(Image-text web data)
>>>
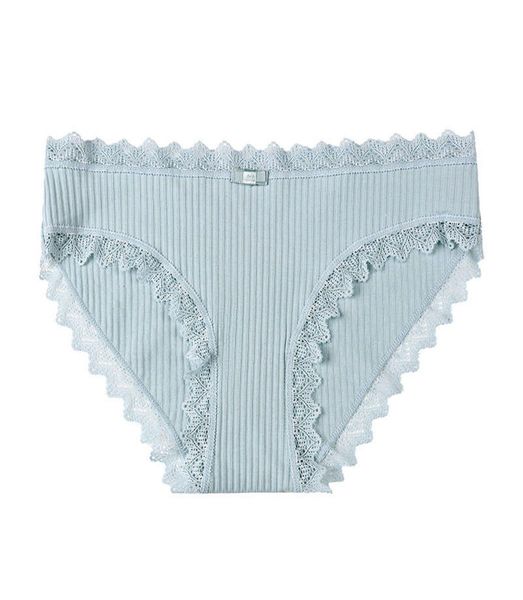women panties cotton breathable briefs underwear lingerie shorts panty woman clothes will and sandy gift4548450, Black;pink
women panties cotton breathable briefs underwear lingerie shorts panty woman clothes will and sandy gift4548450, Black;pink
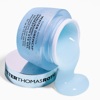 Увлажняющий гель для кожи вокруг глаз с гиалуроновой кислотой PTR Hyaluronic Cloud Hydrating Eye Gel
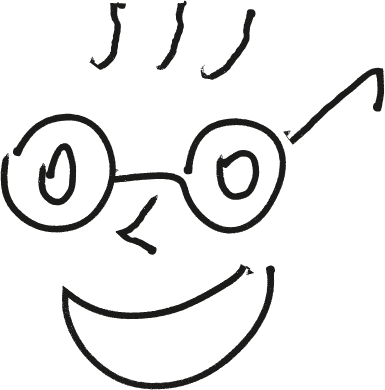 Asset 4@300x.png
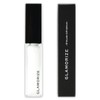 GLAMORIZE Eyelash GR serum Eyelash Hair Moisturizing Coating Beauty Serum
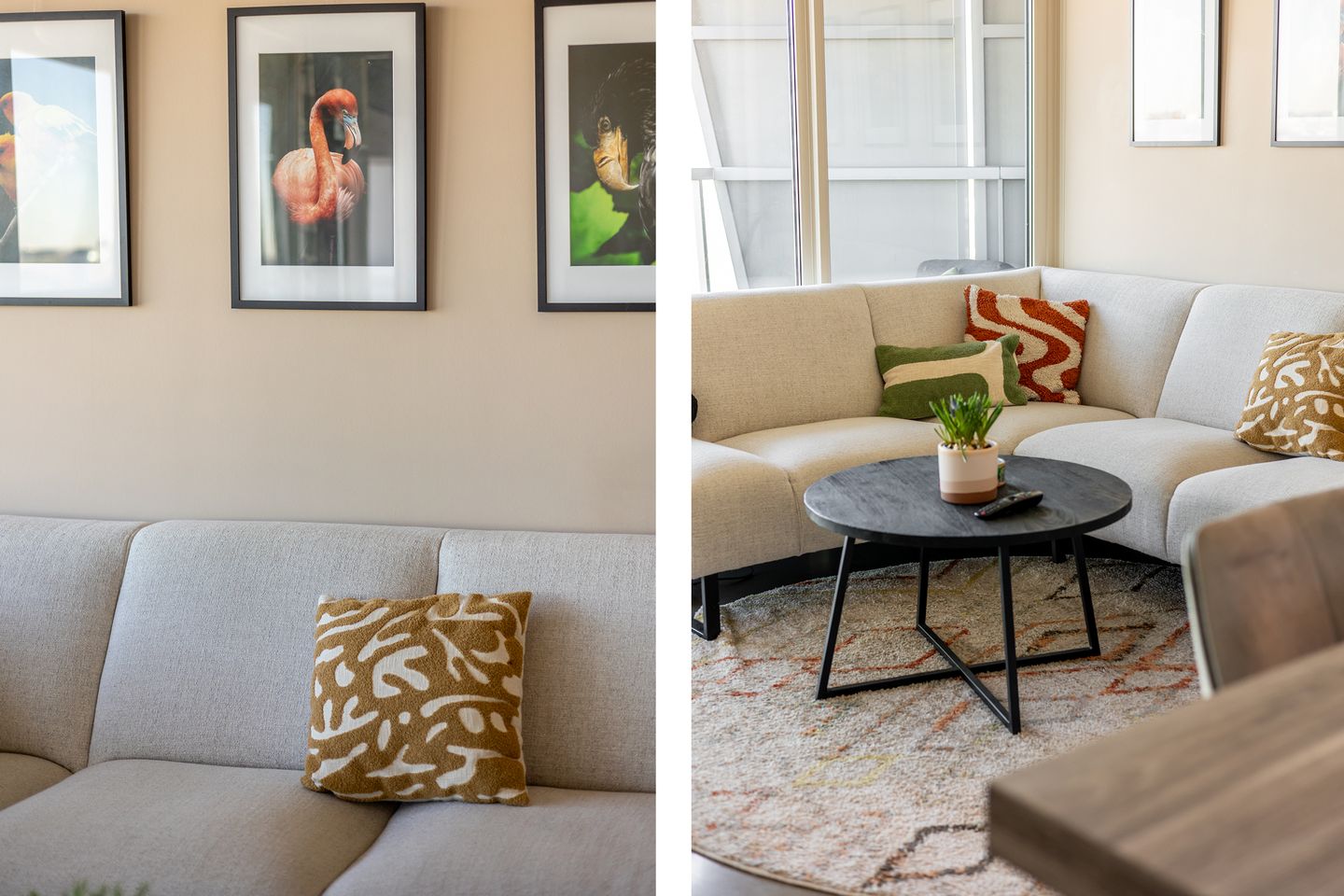 Foto 10 van Kruisplein 986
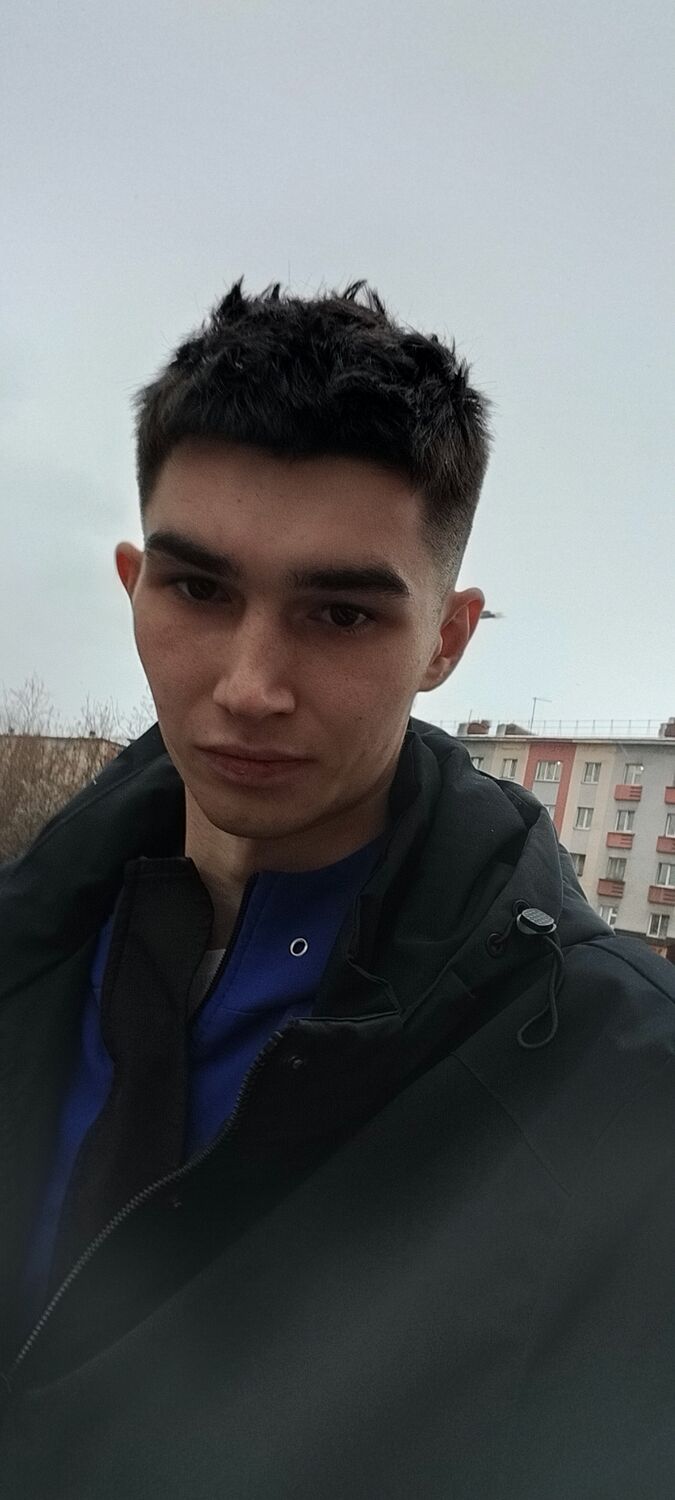 ���� 55027964 ����� ����������, 21 ���, ���� ���������� � ���������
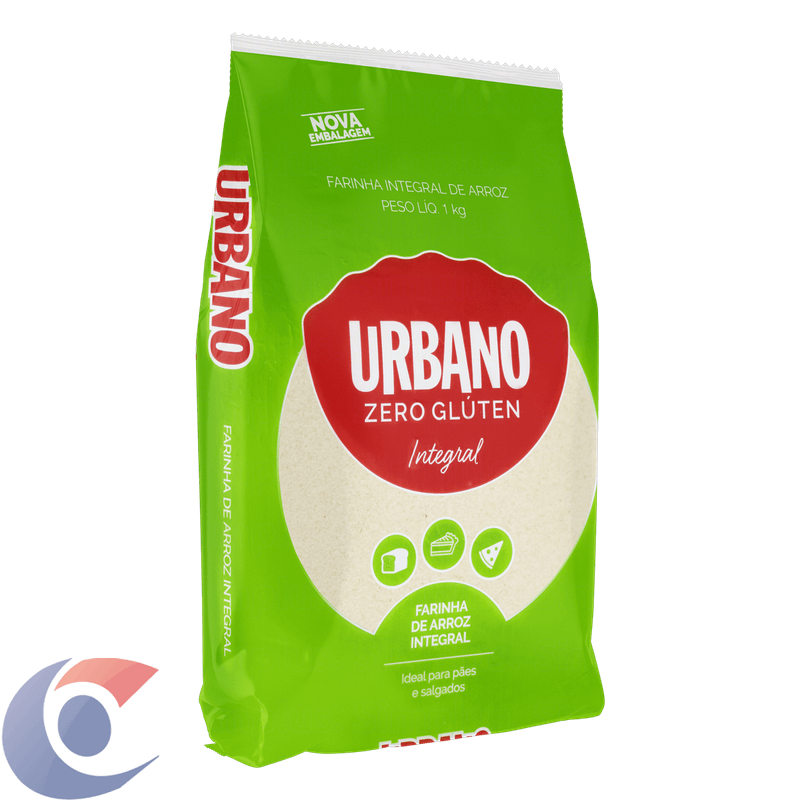 FAR-ARROZ-INT-URBANO-1KG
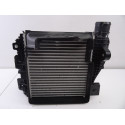 FRONTAL COMPLETO MORRO COMPLETO PEUGEOT 308 (P5) FRONTAL COMPLETO MORRO COMPLETO PEUGEOT 308 (P5)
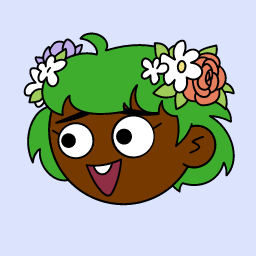 adv-zoe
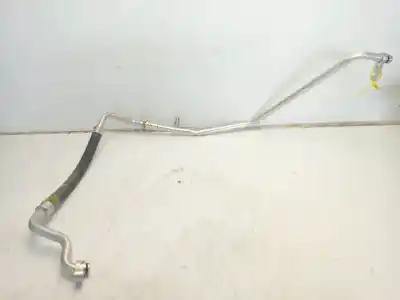 Pezzo di ricambio per auto di seconda mano tubi aria condizionata per toyota yaris active riferimenti oem iam 88708k0020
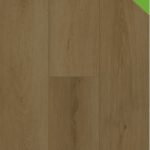 GELASTA Firmfit 6702 Summerfield Cinnamon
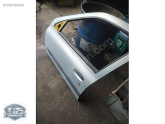 Oto Çıkma Parça / Renault / Clio / Kaporta & Karoser / Sol Ön Kapı / Çıkma Parça 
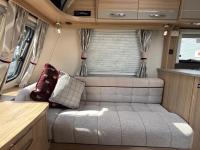 2018-Coachman-Pastiche-575-Caravan-28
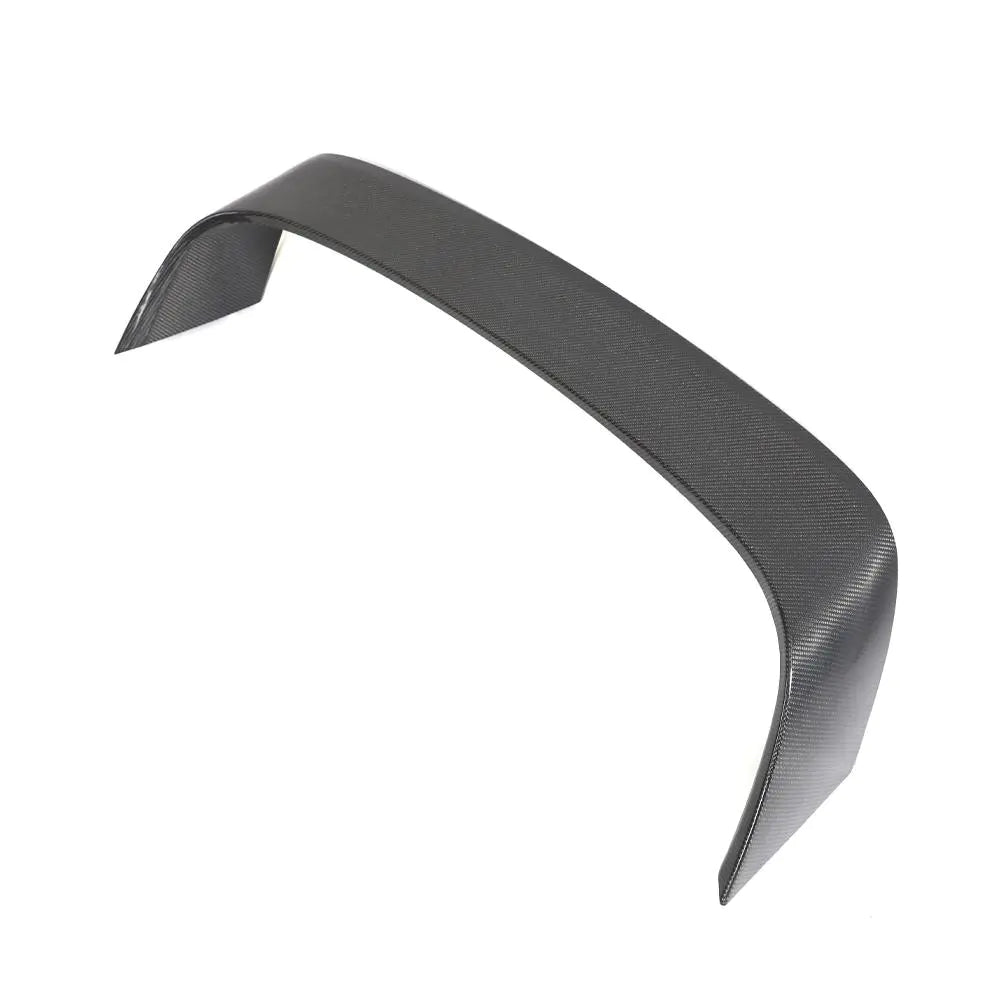 M-Performance Style Wing Spoiler (Carbon Fibre) for 22+ BMW 2 Series G42/M2 G87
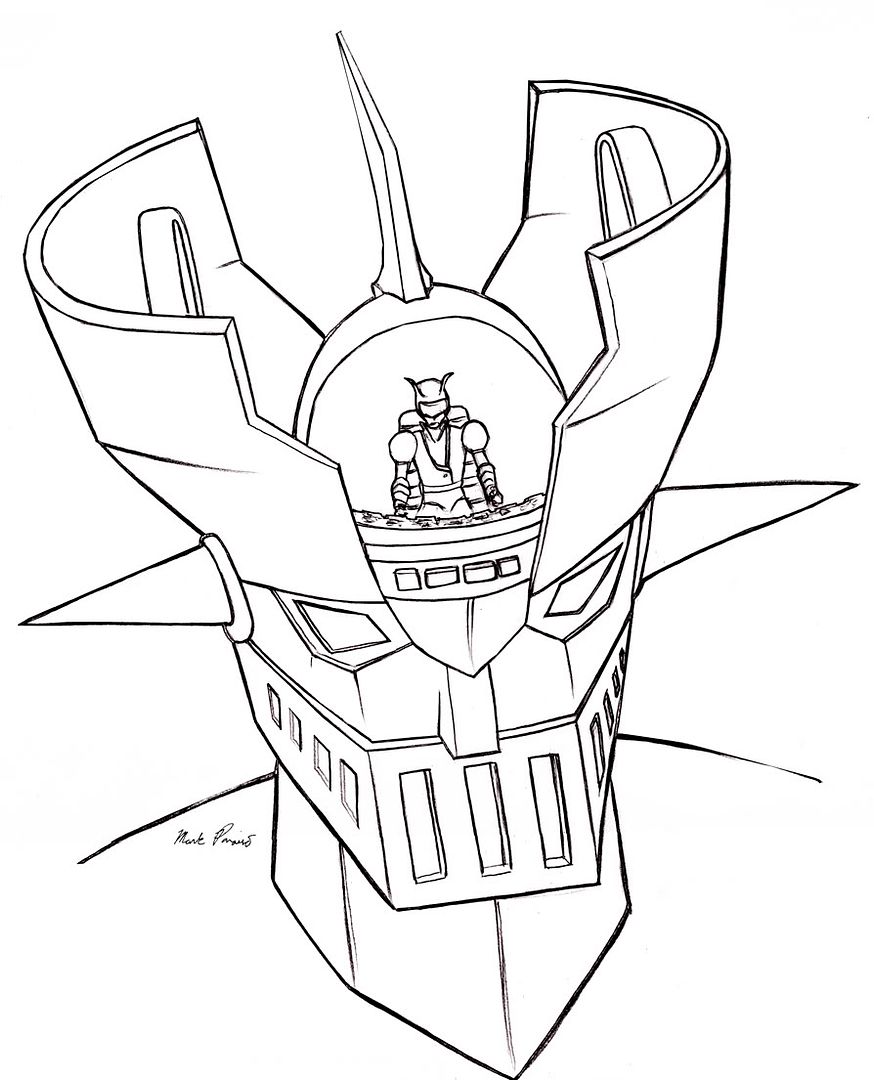 mazinger_bust_by_southpawdragon.jpg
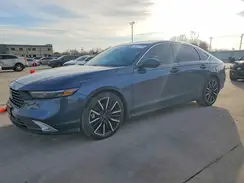 1HGCY2F81PA048238 2023 HONDA ACCORD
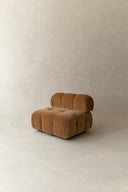 Sillón Bó Individual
<<<
▶ **Exercise goal**:
Could you repeat, exactly and with nothing else, the lines from the one containing "GELASTA Firmfit 6702 Summerfield Cinnamon" through the last line of the records above, leaving out the pictures?

▶ **Written response**:
 GELASTA Firmfit 6702 Summerfield Cinnamon
 Oto Çıkma Parça / Renault / Clio / Kaporta & Karoser / Sol Ön Kapı / Çıkma Parça 
 2018-Coachman-Pastiche-575-Caravan-28
 M-Performance Style Wing Spoiler (Carbon Fibre) for 22+ BMW 2 Series G42/M2 G87
 mazinger_bust_by_southpawdragon.jpg
 1HGCY2F81PA048238 2023 HONDA ACCORD
 Sillón Bó Individual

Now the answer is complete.